Preliminar de falta de interesse de agir. A preliminar de falta de interesse de agir também não prospera, eis que o autor não necessita esgotar a via administrativa para propor a presente ação judicial.
Passo, pois, à análise dos recursos no mérito.
Com efeito, está incontroverso que a autora, enquanto concessionária de serviço de exploração de transporte ferroviário, possui a posse sobre a faixa de domínio em questão. Através da presente demanda, busca ser reintegrada na posse da "faixa de domínio - de 25 (vinte e cinco) metros para cada lado, a contar do eixo da ferrovia -, que se estende do km 844+500 e km 844+950 (réu João Mello de Oliveira) e 845+000 e 845+350, 845+400 e 845+760, 845+650 e 846+000, 847+200 e 848+650 e 847+150 e 848+380 (réu Mauri Lenhardt), indevidamente ocupada pelos requeridos".

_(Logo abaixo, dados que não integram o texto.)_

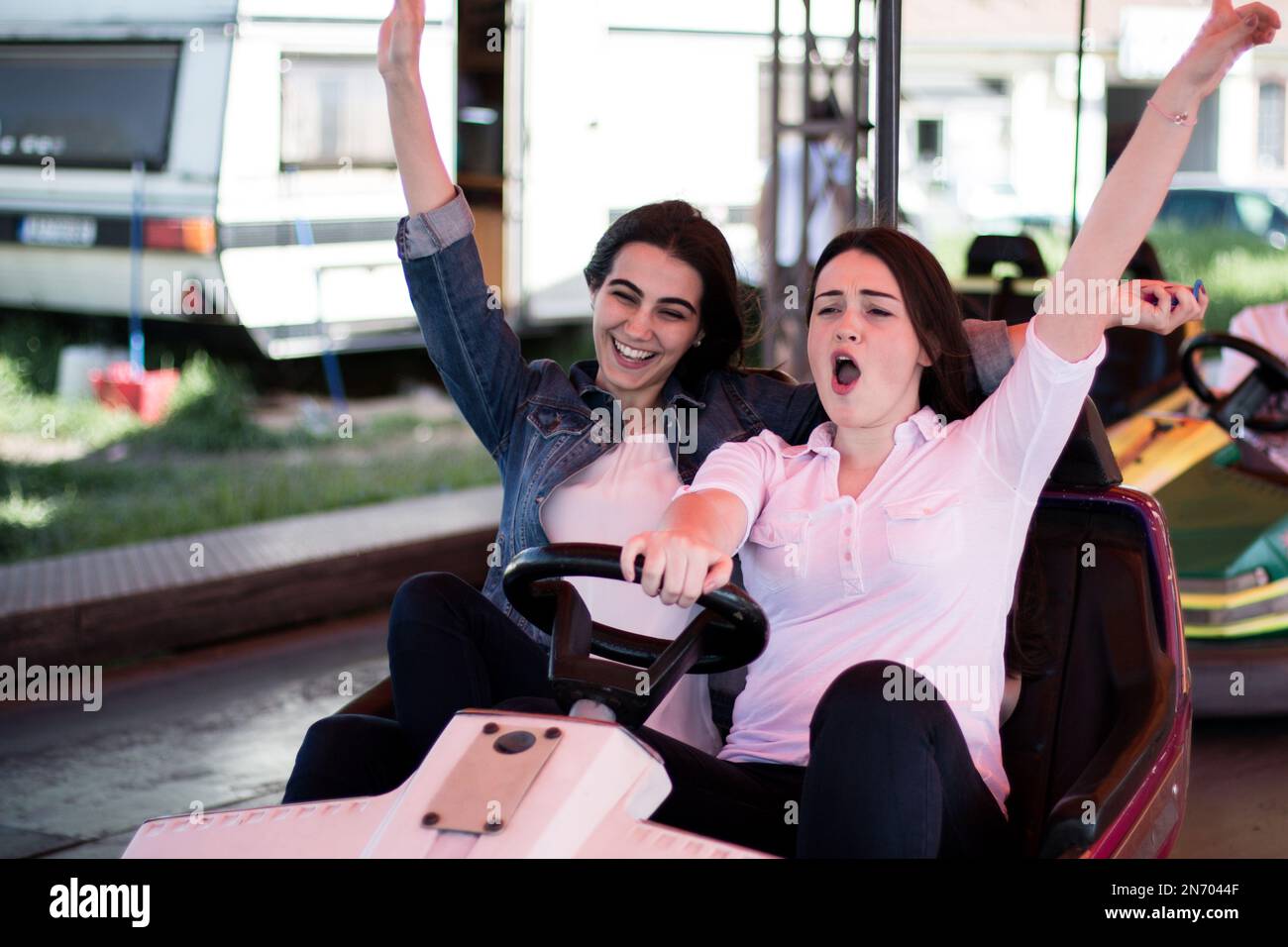 Two young women having a fun bumper car ride at the amusement park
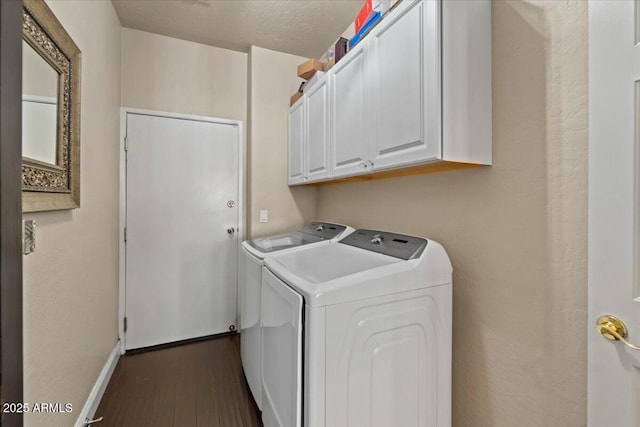 16420 N Thompson Peak Pkwy Unit 1002, Scottsdale, AZ 85260 - laundry area with independent washer and dryer, cabinet space, dark wood-style floors, and baseboards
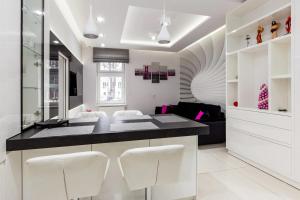 ソポトにあるWhite Apartmentの白いキッチン(黒いカウンター、白い椅子付) +9枚の写真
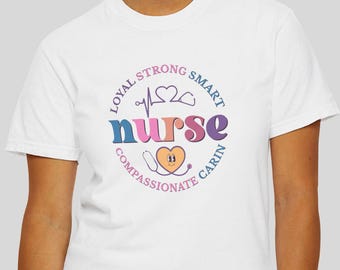 以下が含まれることがあります： 白いTシャツ。カラフルなグラフィックデザインで、円形のデザインに「nurse」と書かれています。デザインには心臓、心拍ライン、そして「忠実、強い、賢い、思いやり、思いやり」という言葉が含まれています。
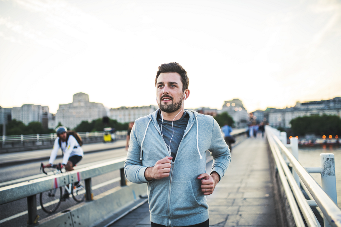 Young sporty man with earphones running on the bridge outside in a city. - stock photo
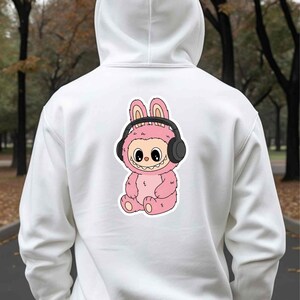 May include: White hoodie with a pink cartoon character wearing headphones. The character has bunny ears and a smiling face. The design is centered on the back of the hoodie.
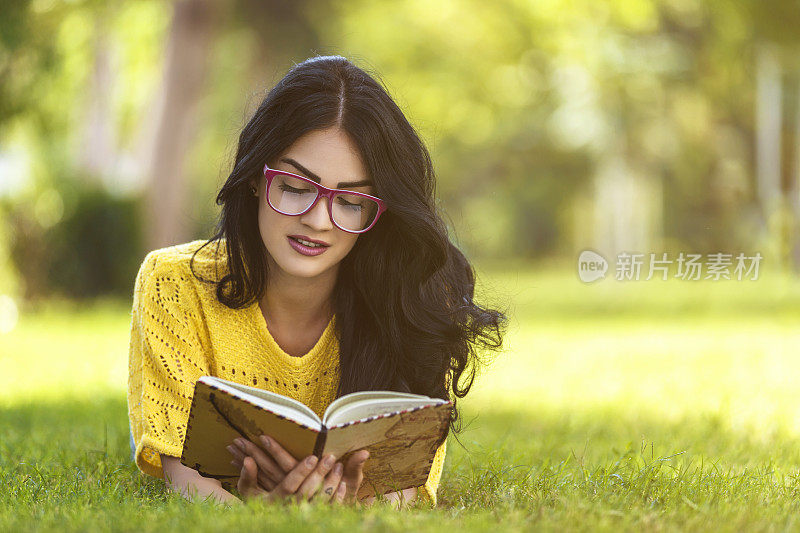 年轻女子在绿草地上看书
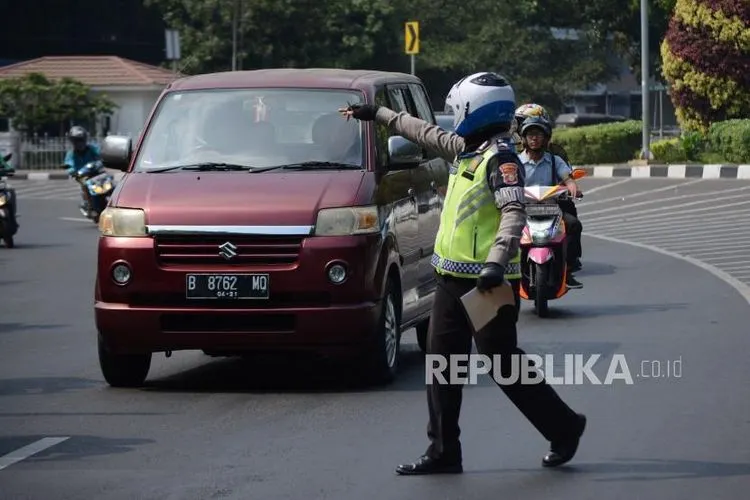 Petugas kepolisian mengamankan kendaraan roda empat di kawasan perluasan ganjil genap Jalan Majapahit, Jakarta, Senin (9/9/2019).  Foto: Thoudy Badai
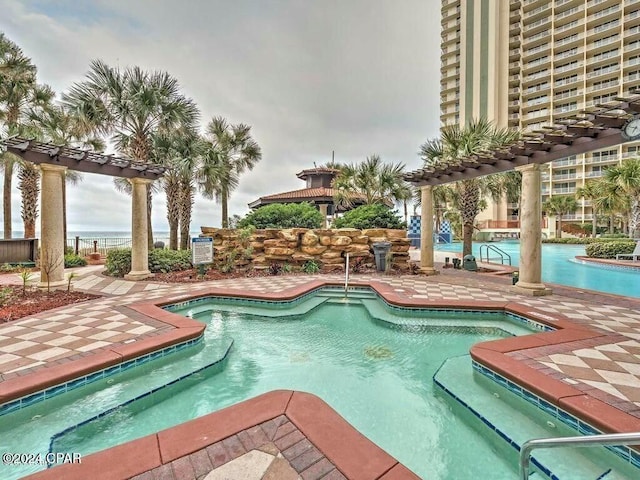 view of swimming pool with a gazebo and a patio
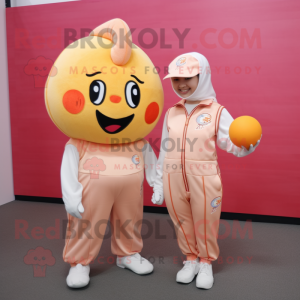 Peach Petanque Ball mascot costume character dressed with a Jumpsuit and Coin purses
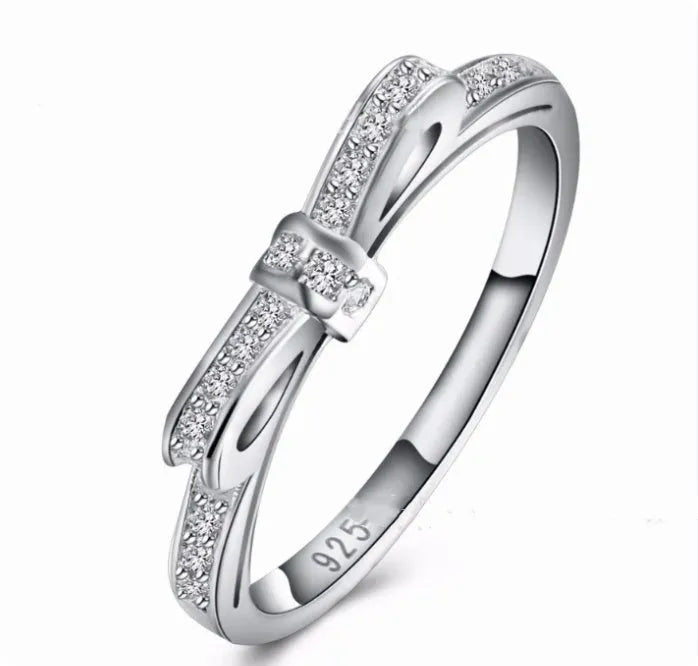 Silver bow-shaped ring with zircon crystals on a finger, showing detailed bow motif design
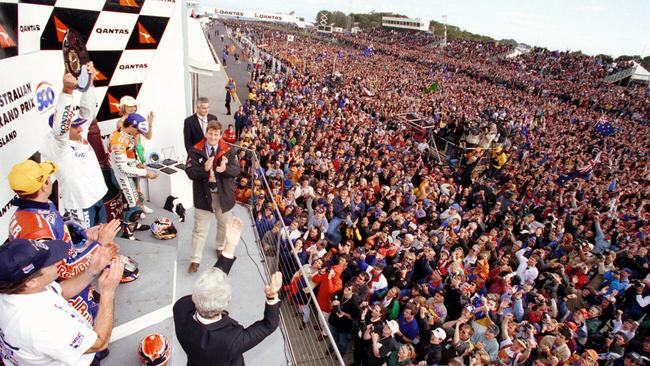 Thousands of fans salute Mick Doohan on the podium at Phillip Island.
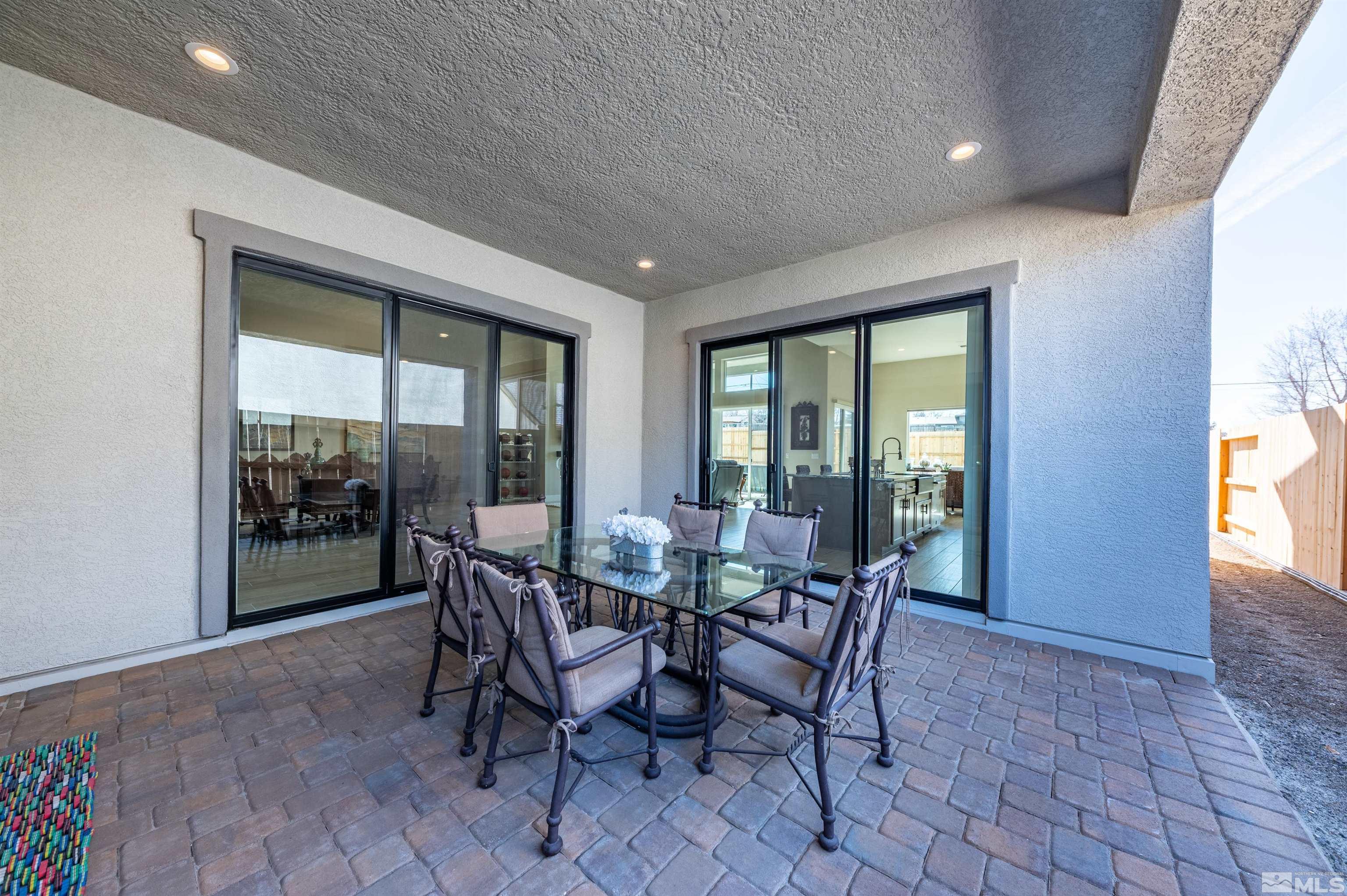 2962 Saddle Peak Drive Reno, NV 89521 - Photo 28 of 39 a view of a dining room with furniture and floor to ceiling windows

A prova dos autos indica que as cercas construídas pelos requeridos encontram-se dentro da faixa de domínio, de modo que desimporta para a procedência da ação de reintegração o fato de as cercas terem sido construídas recentemente ou há muitos anos, uma vez que, como dito, as mesmas não respeitam o distanciamento mínimo exigido, comprometendo, portanto, a segurança no local.
Nesse sentido, correta a sentença proferida pelo juízo singular, a qual apreciou o caso detalhadamente, razão pela qual adoto os seus fundamentos como razões de decidir, in verbis (Evento 109):
"2.2 Mérito propriamente dito
Inicialmente, tem-se que compete à União a exploração - direta ou mediante autorização, permissão ou concessão -, dos serviços de transporte ferroviário entre fronteiras nacionais ou que transponham os limites de Estado ou Território, conforme reza o artigo 21, inciso XII, alínea "d", da CF/88. Por tal razão, pertencem-lhe os bens igualmente afetados à prestação de tais serviços, direta ou indiretamente.
Atenta às inúmeras controvérsias a respeito da temática, a Lei nº 9.636/98 estabeleceu a necessidade de regularização, dentre outras, dos bens imóveis de domínio da União. As ações tendentes a essa finalidade passaram a ser de alçada da Secretaria do Patrimônio da União (SPU), atrelada ao Ministério de Planejamento, Orçamento e Gestão (artigo 1º). Após a conclusão do processo de identificação e demarcação das terras de domínio da União, à SPU caberá lavrar, em livro próprio, com força de escritura pública, o termo competente, incorporando a área ao patrimônio da União. Assim, a regulamentação do domínio de bens pertencentes ao ente tem se dado gradualmente, inclusive em relação ao patrimônio da extinta REDE FERROVIÁRIA FEDERAL S/A (RFFSA), cuja maior parcela de bens foi transferida à União por força da Lei nº 10.233/01.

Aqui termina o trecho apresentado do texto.